■ Information supplied
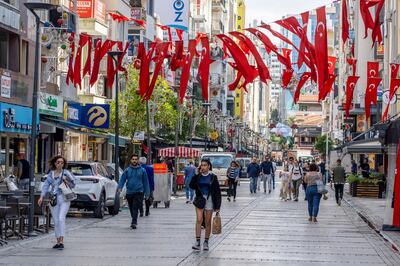 Turkish national flag bunting hangs above a street in Izmir, Turkey, on Friday. Bloomberg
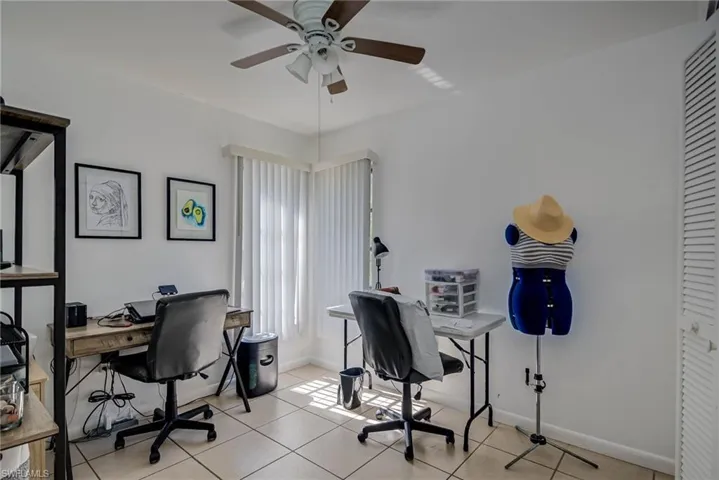 Office area featuring baseboards, a ceiling fan, and light tile patterned floors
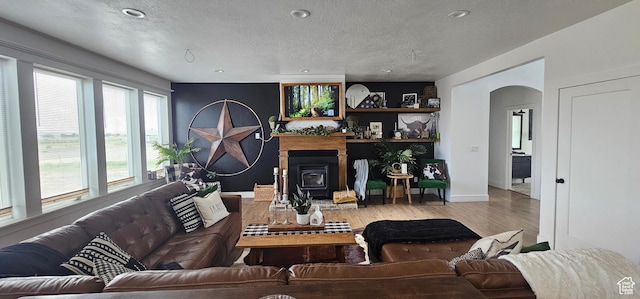 1275 S Lawrence Rd, Huntington, UT 84528 - living area with arched walkways, wood finished floors, and a textured ceiling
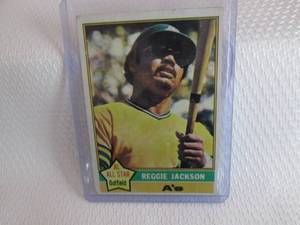 lot 57 image: 1976 Topps Reggie Jackson Card...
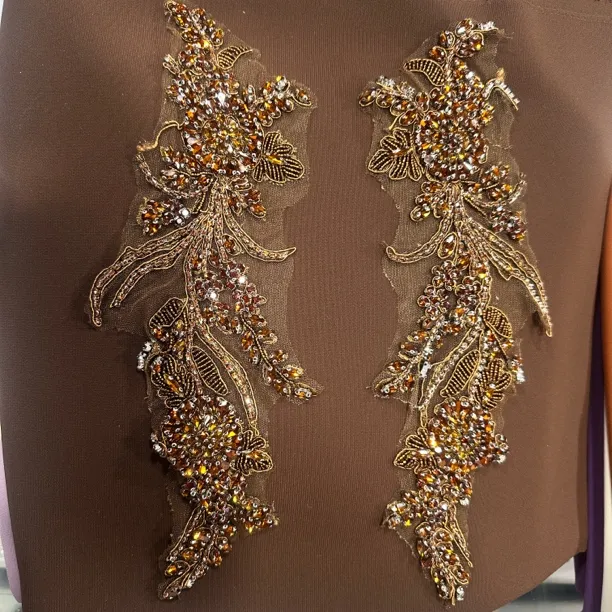 手工钉珠《咖啡色》بالىزانىڭ رەختى  كافى رەڭ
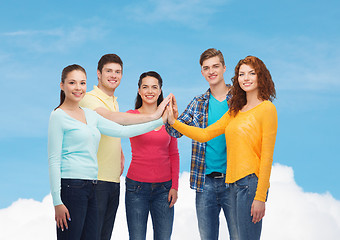 Image showing smiling teenagers making high five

■ Description of the task
Leave the pictures out. Extract exactly the lines running from the one with "lot 57 image: 1976" through the last entry, both ends included.

■ Task answer
 lot 57 image: 1976 Topps Reggie Jackson Card...
 手工钉珠《咖啡色》بالىزانىڭ رەختى  كافى رەڭ
 Image showing smiling teenagers making high five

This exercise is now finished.